Die strategische Partnerschaft zwischen Deutschland und Russland, der EU und Russland und den USA und Russland kann nicht ernst genug genommen werden. Sie ist von zentraler Bedeutung für die Stabilität der neu entstehenden multipolaren Weltordnung. Diese muss gegründet sein auf den Grundsatz der Gleichberechtigung und Ebenbürtigkeit aller Staaten und Regionen und auf den Willen zur Zusammenarbeit. Es geht also um eine kooperative Weltordnung. Die EU auf der einen, Russland auf der anderen Seite können sich gegenseitig viel bieten. Bei der Lösung internationaler Probleme und bei Rüstungskontrolle und Abrüstung – bekanntlich ein integraler Bestandteil der Sicherheitspolitik der Nato, dem dient der Nato-Russland-Rat. Viel geben können sich beide Partner auch in der wirtschaftlichen Zusammenarbeit. Das Ziel, die russische Wirtschaft zu modernisieren, ist ein gemeinsames Interesse. Es wäre falsch, wenn die EU Russland nur als Rohstoff- und Energielieferanten betrachten würde. Für beide ist wichtig: Versorgungs- und Abnahmesicherheit. Der Außenminister hat zu Recht an das Ziel der EU erinnert, eine Freihandelszone mit Russland zu bilden. Die Zeit dafür ist nach dem WTO-Beitritt Russlands gekommen. Auch die Verflechtung unserer Volkswirtschaften durch Investitionen in beide Richtungen eröffnet große Möglichkeiten. Kooperation konnte unter komplizierteren Bedingungen und bei fundamentalen Gegensätzen in den 80er und frühen 90er Jahren Wesentliches bewirken.

Als es im Kalten Krieg um die Sicherheit Westeuropas ging, hat die Bundesrepublik Deutschland den mit Abstand größten Beitrag aller europäischen Nato-Partner zur gemeinsamen Sicherheit geleistet. Sie hat aber auch mit den Ostverträgen und ihrer maßgeblichen Rolle im KSZE-Prozess die Rahmenbedingungen geschaffen, in denen sich der Wille der Völker zu Freiheit und Demokratie im damals sowjetischen Machtbereich entfalten konnte. Von Deutschland gingen auch die entscheidenden Initiativen zur nuklearen Abrüstung bei den Mittelstreckenraketen und zur Verhinderung eines neuen Rüstungswettlaufs bei den atomaren Kurzstreckenraketen Anfang 1989 aus.
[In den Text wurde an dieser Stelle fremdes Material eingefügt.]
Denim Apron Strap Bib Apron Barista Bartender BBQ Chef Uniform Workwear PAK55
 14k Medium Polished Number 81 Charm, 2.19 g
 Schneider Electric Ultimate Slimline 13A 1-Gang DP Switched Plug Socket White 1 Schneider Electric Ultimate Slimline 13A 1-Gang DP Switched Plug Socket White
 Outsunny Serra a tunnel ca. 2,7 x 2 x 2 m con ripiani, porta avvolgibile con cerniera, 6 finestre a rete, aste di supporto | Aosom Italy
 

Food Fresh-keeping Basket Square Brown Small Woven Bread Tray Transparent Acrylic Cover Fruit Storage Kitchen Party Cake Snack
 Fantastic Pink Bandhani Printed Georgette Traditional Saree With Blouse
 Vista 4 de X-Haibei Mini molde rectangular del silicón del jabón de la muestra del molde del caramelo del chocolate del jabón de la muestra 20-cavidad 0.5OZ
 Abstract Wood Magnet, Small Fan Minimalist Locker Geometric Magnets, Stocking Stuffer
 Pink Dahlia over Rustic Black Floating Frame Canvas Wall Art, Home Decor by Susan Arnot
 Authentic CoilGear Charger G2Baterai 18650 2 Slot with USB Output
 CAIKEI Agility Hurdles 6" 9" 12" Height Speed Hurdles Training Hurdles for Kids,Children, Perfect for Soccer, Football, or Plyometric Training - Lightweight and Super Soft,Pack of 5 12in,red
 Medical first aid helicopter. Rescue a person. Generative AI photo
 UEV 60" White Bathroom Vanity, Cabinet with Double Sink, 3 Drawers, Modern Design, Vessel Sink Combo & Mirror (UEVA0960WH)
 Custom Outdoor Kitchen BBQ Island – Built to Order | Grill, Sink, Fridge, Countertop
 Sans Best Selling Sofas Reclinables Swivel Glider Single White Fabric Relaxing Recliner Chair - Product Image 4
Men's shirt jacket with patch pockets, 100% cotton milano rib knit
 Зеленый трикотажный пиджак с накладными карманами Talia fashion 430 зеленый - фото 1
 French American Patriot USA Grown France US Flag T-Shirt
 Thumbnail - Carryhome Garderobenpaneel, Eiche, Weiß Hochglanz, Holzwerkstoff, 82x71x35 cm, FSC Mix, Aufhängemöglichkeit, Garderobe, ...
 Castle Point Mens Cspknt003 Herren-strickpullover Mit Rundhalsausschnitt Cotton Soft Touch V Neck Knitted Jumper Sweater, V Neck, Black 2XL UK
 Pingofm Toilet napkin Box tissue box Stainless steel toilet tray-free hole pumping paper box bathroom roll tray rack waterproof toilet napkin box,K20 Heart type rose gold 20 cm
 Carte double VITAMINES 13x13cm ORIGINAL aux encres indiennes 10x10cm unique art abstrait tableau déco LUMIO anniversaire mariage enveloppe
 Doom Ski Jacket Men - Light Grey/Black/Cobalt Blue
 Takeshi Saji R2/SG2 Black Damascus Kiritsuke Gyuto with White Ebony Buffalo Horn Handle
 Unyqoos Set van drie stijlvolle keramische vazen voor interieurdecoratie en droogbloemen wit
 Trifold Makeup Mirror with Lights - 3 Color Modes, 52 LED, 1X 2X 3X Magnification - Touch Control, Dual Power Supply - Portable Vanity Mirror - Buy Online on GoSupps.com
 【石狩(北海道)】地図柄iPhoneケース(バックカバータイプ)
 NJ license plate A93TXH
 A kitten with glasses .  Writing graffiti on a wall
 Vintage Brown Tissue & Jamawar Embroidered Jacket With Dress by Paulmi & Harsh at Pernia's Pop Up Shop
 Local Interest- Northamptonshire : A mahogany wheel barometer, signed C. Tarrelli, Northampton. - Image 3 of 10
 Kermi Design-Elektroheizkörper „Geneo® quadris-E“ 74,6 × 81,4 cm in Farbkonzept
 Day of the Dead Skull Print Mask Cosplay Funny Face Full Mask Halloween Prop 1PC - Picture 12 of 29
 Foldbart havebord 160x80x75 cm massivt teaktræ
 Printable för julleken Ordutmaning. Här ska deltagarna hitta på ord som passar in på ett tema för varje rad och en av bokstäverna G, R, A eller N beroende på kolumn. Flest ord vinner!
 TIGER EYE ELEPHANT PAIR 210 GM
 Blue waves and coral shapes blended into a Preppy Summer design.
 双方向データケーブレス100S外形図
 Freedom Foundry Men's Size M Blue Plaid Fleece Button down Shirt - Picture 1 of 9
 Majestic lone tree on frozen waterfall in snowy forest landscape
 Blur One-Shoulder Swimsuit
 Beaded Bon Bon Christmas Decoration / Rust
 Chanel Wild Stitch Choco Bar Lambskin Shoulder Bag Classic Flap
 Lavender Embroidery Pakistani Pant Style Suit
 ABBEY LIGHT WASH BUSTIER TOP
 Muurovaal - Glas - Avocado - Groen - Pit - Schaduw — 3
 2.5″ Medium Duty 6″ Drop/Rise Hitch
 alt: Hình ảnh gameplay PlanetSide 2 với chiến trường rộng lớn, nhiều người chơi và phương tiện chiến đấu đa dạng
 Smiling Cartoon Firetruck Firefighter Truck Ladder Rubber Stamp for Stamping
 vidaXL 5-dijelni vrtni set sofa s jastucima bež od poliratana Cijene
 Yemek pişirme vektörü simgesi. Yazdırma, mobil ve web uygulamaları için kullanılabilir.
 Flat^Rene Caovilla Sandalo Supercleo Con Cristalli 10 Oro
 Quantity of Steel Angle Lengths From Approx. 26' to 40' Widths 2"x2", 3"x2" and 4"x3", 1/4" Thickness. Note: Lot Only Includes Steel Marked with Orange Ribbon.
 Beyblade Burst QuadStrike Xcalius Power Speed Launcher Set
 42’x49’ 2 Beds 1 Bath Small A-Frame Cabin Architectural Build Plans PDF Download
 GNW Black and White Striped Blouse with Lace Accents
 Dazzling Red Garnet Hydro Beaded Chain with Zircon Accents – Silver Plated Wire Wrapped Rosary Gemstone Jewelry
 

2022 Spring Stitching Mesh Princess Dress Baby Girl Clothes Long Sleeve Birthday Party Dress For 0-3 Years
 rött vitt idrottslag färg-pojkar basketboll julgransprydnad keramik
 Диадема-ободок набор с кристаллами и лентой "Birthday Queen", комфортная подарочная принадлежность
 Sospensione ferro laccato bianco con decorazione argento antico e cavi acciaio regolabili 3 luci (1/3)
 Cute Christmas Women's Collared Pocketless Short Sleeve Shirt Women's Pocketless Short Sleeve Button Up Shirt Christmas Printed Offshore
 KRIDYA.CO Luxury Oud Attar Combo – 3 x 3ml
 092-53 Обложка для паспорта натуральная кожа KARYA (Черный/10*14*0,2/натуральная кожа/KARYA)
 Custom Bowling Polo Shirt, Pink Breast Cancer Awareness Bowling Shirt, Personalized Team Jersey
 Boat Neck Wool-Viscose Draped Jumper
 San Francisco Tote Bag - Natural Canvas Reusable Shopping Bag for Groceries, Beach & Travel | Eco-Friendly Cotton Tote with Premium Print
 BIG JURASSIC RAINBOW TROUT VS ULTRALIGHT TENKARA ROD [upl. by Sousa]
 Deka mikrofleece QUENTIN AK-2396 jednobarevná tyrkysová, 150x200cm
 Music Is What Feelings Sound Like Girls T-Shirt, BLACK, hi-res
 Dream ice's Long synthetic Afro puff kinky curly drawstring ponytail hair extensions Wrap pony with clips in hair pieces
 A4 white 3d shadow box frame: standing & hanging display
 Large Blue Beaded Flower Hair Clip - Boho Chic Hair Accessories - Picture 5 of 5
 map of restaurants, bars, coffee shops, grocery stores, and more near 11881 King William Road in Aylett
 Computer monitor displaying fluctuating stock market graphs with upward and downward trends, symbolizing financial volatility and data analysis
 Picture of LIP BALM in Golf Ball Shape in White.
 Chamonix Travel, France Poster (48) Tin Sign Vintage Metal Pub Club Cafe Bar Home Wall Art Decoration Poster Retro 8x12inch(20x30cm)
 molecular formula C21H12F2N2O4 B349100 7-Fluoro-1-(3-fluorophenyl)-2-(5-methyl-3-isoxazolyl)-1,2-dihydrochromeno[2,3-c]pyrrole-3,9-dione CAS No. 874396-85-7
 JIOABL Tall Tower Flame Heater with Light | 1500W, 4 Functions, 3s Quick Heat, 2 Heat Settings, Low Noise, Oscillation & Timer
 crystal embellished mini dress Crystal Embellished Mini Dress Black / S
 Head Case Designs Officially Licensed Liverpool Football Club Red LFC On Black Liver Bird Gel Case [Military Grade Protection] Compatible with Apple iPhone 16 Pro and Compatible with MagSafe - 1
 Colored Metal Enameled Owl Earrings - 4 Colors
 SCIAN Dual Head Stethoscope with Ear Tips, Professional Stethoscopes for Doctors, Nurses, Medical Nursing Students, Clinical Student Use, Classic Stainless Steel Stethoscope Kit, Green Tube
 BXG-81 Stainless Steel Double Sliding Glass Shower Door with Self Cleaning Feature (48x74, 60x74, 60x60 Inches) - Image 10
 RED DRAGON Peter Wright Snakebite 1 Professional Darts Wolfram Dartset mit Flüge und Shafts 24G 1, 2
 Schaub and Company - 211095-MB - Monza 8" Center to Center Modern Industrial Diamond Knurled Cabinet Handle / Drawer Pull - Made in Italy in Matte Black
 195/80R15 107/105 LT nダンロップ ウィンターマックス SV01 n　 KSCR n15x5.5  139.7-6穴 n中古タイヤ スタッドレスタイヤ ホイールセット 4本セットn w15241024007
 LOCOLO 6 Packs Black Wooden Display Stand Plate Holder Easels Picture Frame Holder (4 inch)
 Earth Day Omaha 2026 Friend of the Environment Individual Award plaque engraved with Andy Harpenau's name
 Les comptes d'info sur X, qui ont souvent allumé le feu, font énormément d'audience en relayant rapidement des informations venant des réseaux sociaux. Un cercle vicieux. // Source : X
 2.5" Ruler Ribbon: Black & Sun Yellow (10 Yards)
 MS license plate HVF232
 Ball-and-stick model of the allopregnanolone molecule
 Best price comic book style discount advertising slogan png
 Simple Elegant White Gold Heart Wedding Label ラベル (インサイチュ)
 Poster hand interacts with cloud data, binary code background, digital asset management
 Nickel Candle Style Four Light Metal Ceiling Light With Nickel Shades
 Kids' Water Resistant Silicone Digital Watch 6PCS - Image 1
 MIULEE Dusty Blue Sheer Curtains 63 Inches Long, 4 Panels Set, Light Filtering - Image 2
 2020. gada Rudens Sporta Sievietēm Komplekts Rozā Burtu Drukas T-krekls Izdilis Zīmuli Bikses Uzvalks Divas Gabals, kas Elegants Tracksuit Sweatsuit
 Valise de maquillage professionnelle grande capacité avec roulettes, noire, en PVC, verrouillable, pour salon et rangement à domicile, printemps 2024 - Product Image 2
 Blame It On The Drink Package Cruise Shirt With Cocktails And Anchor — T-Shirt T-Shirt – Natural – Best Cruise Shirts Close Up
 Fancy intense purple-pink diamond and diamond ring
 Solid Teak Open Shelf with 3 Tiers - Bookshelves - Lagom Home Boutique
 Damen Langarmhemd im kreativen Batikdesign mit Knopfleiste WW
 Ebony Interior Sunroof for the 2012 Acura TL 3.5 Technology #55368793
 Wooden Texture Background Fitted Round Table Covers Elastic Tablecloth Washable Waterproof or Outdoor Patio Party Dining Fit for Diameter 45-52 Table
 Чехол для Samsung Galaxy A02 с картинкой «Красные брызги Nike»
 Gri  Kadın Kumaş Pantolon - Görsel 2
Heute ist Deutschland aufgefordert, wiederum initiativ gegenüber Russland zu werden. Die EU braucht eine neue Ostpolitik, politisch und ökonomisch, und die Nato braucht neue Initiativen zur Rüstungskontrolle und Abrüstung. Alleingänge wie die Pläne für die Stationierung von Raketenabwehrsystemen in Polen und Tschechien spalten das Bündnis und belasten die Bemühungen um eine immer engere Zusammenarbeit im OSZE-Raum.

Die Ratifizierung des KSE-Vertrags durch die Nato-Staaten ist dringlich und die verantwortliche Befassung mit seiner Anpassung auch. Nicht nur unser Land ist gefordert, die EU ist es auch. Eine deutsche Schrittmacherrolle kann dabei helfen. Warum sollte nicht das Jahr 2008 neue Möglichkeiten eröffnen, auch im EU-Russland- Verhältnis. Europa endet eben nicht an der polnischen Ostgrenze. Vergessen wir auch nicht, das große europäische Volk der Russen hat mit unersetzlichen Beiträgen zur europäischen Kultur, zur Identität unseres Kontinents beigetragen. Auch Russland ist Europa.

Der Autor war von 1974 bis 1992 Außenminister.